[Short descriptive text snippets]
--- START ---

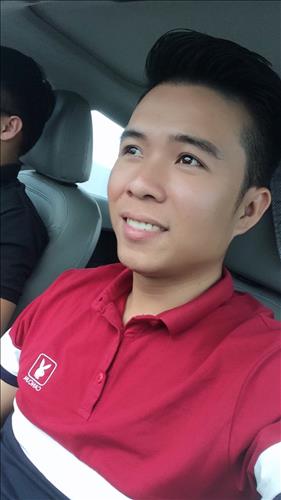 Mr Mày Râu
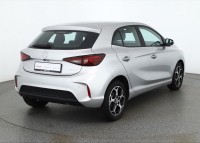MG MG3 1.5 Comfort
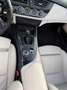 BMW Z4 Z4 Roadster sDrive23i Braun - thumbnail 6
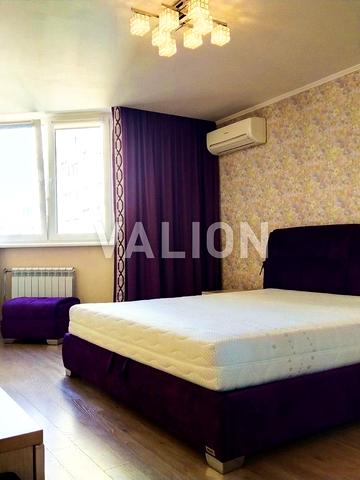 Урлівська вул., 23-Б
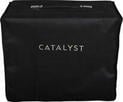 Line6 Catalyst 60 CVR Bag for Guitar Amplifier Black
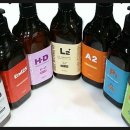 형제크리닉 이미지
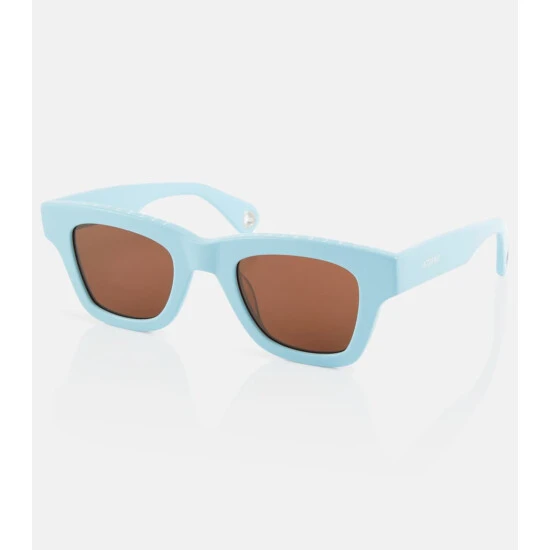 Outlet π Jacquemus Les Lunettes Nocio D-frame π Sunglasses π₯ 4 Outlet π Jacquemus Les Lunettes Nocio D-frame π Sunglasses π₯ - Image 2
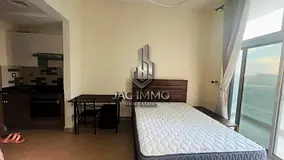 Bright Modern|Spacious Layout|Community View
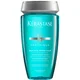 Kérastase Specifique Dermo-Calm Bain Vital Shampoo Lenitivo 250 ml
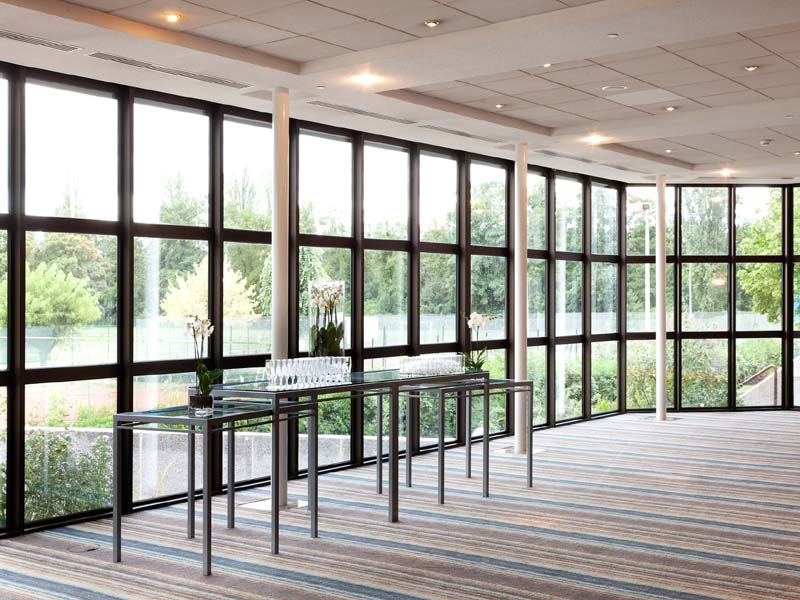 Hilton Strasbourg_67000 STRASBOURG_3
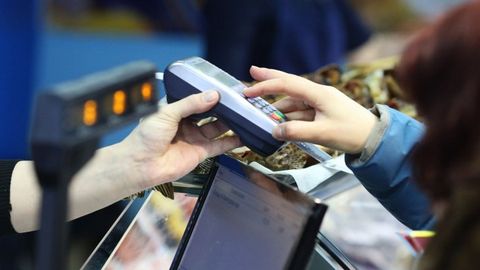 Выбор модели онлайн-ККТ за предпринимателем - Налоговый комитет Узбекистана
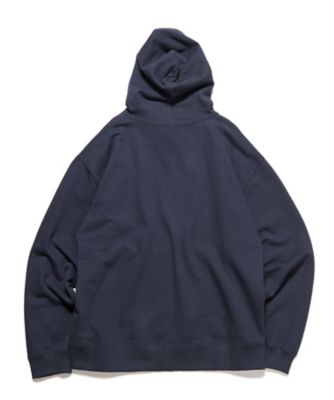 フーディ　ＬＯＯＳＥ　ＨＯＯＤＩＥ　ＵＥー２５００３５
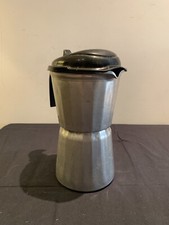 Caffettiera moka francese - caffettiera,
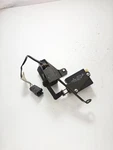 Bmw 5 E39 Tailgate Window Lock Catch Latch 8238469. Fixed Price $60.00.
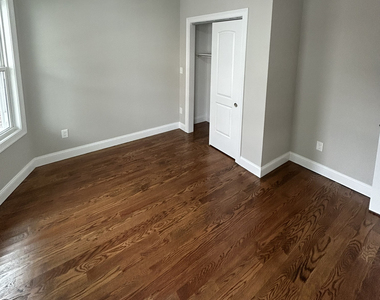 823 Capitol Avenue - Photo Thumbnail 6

--- END ---
--- START ---

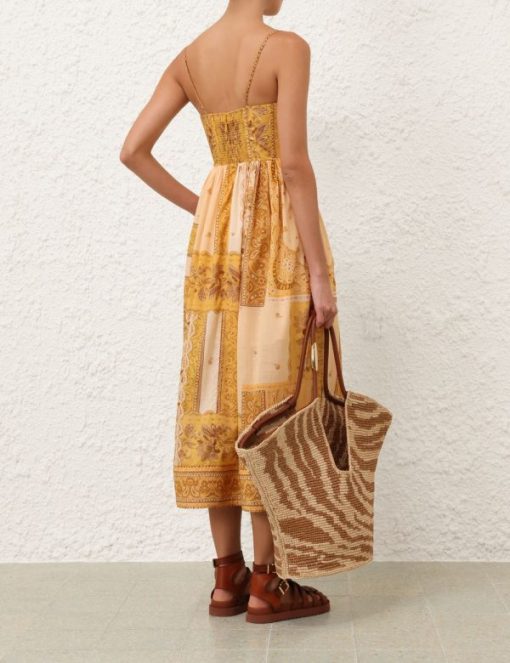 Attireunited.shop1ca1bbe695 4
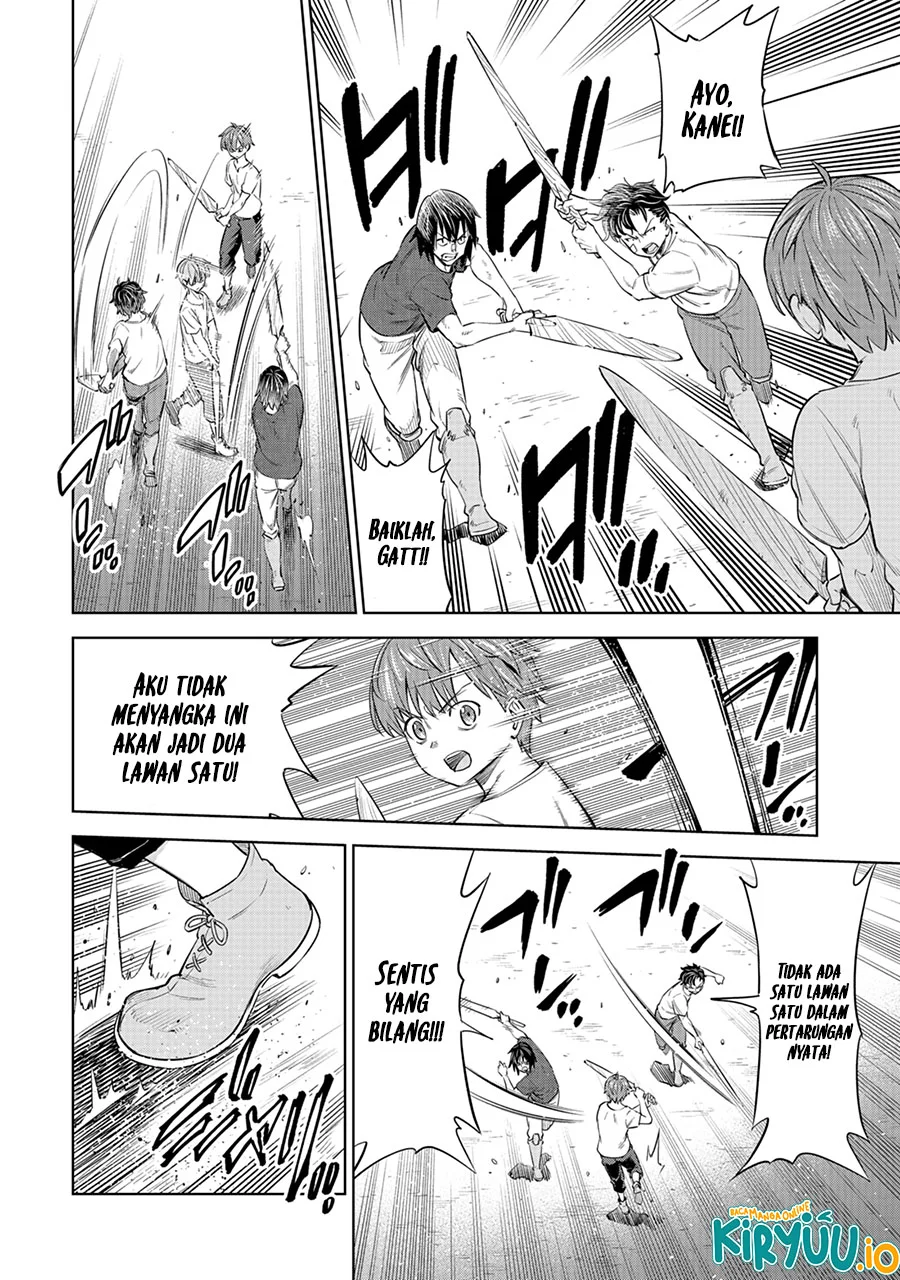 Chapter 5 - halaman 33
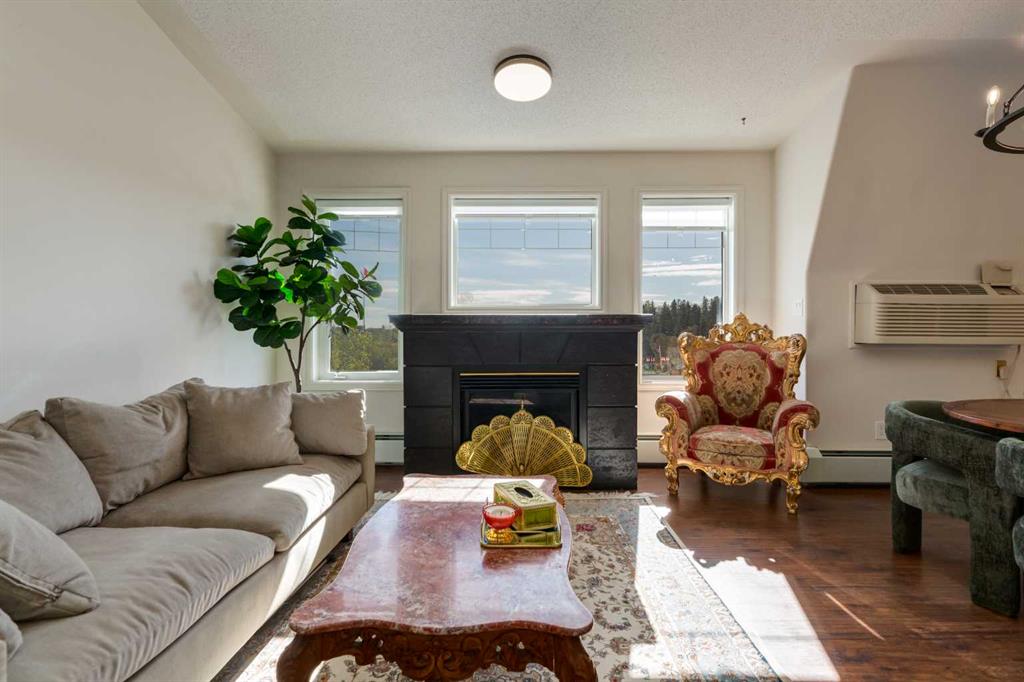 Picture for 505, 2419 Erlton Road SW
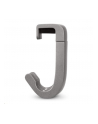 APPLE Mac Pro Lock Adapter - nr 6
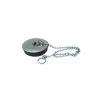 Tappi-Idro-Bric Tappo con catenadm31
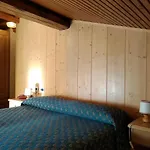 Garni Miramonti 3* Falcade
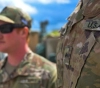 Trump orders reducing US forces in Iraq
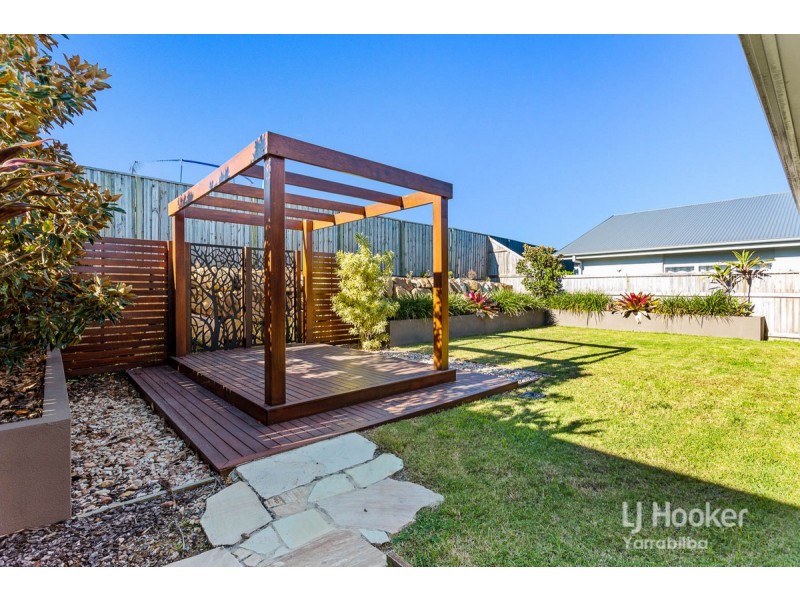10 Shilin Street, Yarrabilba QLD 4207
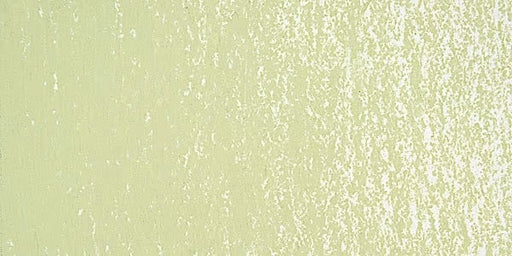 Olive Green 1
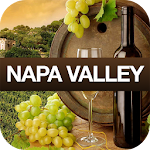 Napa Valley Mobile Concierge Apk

--- END ---

=== THE TASK ===
Would you set down only the lines above from the line with "Выбор модели онлайн-ККТ" to the line with "823 Capitol Avenue - Photo Thumbnail 6", both included, exactly as they stand and without the pictures?

=== ANSWER BELOW ===
 Выбор модели онлайн-ККТ за предпринимателем - Налоговый комитет Узбекистана
 フーディ　ＬＯＯＳＥ　ＨＯＯＤＩＥ　ＵＥー２５００３５
 Caffettiera moka francese - caffettiera,
 Bmw 5 E39 Tailgate Window Lock Catch Latch 8238469. Fixed Price $60.00.
 823 Capitol Avenue - Photo Thumbnail 6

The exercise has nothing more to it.